А нам между тем почему-то и в голову не приходит, что «Моей жизни в искусстве» конечно же не было бы, не случись американских гастролей и настойчивости прозорливых американских издателей. Не потому только (хотя в этом — тоже причина), что для новой, полевевшей, агрессивной театральной России Художественный театр уже был покойником, который все никак не хотел умирать. Какие воспоминания? Кому они могут быть интересны? Для тех же, кто понимал историческое значение и место этого театра не только в исторически изжитом российском прошлом, но и в сегодняшней, и в завтрашней жизни, они тоже не казались возможными. Ведь большая и лучшая часть биографии театра и самого Станиславского относилась к временам трижды проклятым и навсегда отмененным. Что тут вспоминать, когда вам почти каждый день указывают на вашу старорежимную сущность и прямым текстом объясняют, что вы зажились! Когда за вашим шагом на другом берегу следят с той живой и активной злобой, которую уже вроде бы нет смысла испытывать к полупокойнику.
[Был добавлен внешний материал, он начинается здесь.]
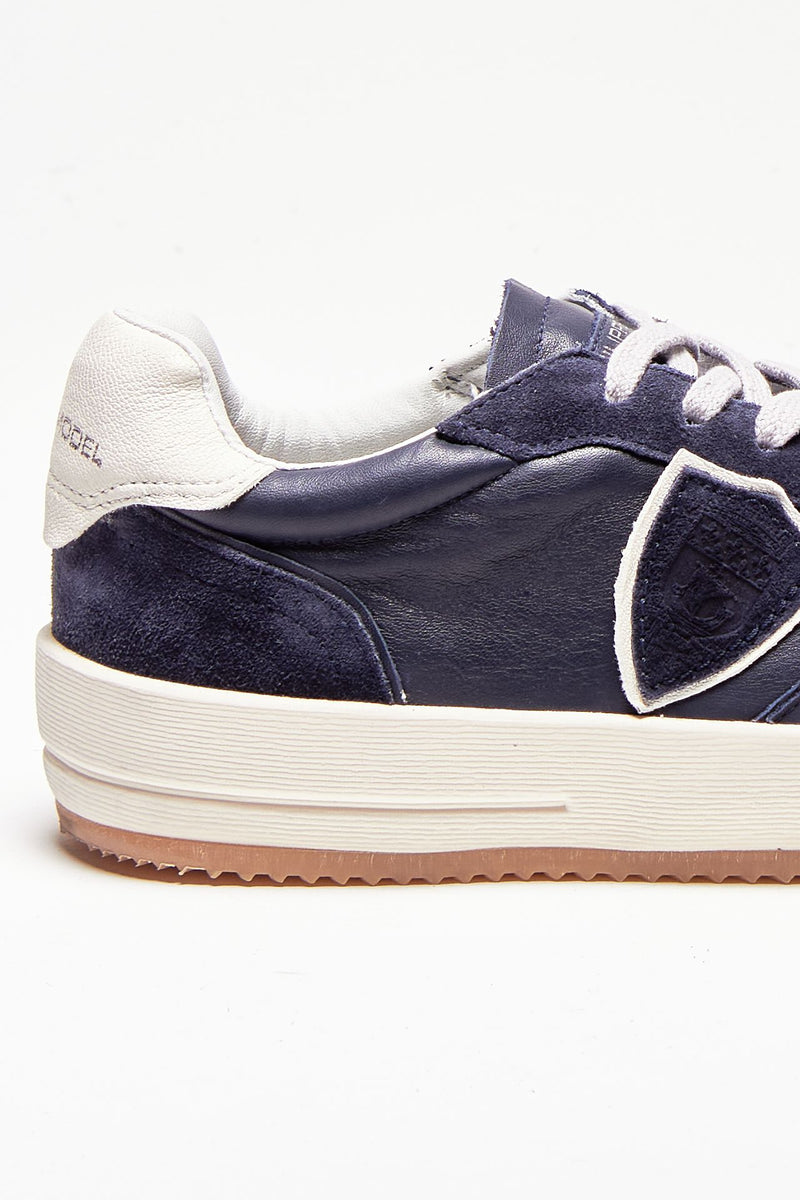 sneakers in pelle e suede nice - vnlu-wx02 men Philippe model - 7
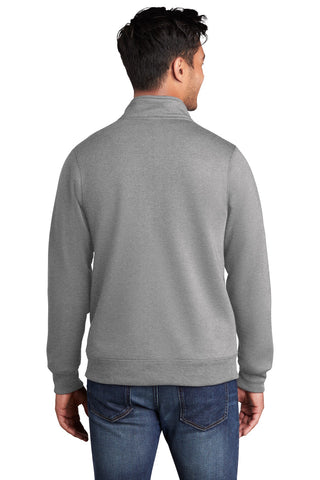 Port & Company Core Fleece Cadet Full-Zip Sweatshirt (Athletic Heather)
Но здесь он будто перестал ощущать то огромное, настороженно следящее за ними пространство, где оставалось его имя и это имя часто становилось игрушкой врагов. Сегодня трудно представить (эта фраза повторяется с роковой неизбежностью), какой раскаленности достигала в те дни ненависть левых к представителям искусства «проклятого буржуазного прошлого». Стоило только за океаном сделать неверный шаг, и левые газеты захлебывались в приступе радостного негодования. Вот, мол, вам ваш Художественный театр, вот для кого вы его берегли! Отыскалась в американских газетах фотография с какой-то благотворительной ярмарки. Станиславский там снят репортером рядом с князем Юсуповым. И тут же дома — грандиозный скандал. Мало того что К. С. общается с предателями, но еще и присутствует при распродаже культурных ценностей России! Откуда поступила такая информация — непонятно, но погасить разгоревшиеся, причем на вполне официальном уровне, страсти было не просто. Стоило Станиславскому попытаться объяснить американским коллегам, что в Художественном театре поменялся состав зрительного зала и вместо прежней интеллигентной публики пришли люди, многие из которых впервые попали в театр, как его слова переврали и обвинили в оскорблении рабочего класса. Когда в Москве попытались выяснить, откуда пришла эта фальшивка, то после отсылок одной газеты к другой обнаружили первоисточник — им оказалась Одесса. Поистине «вся контрабанда делается…». Но ведь какая потребность найти!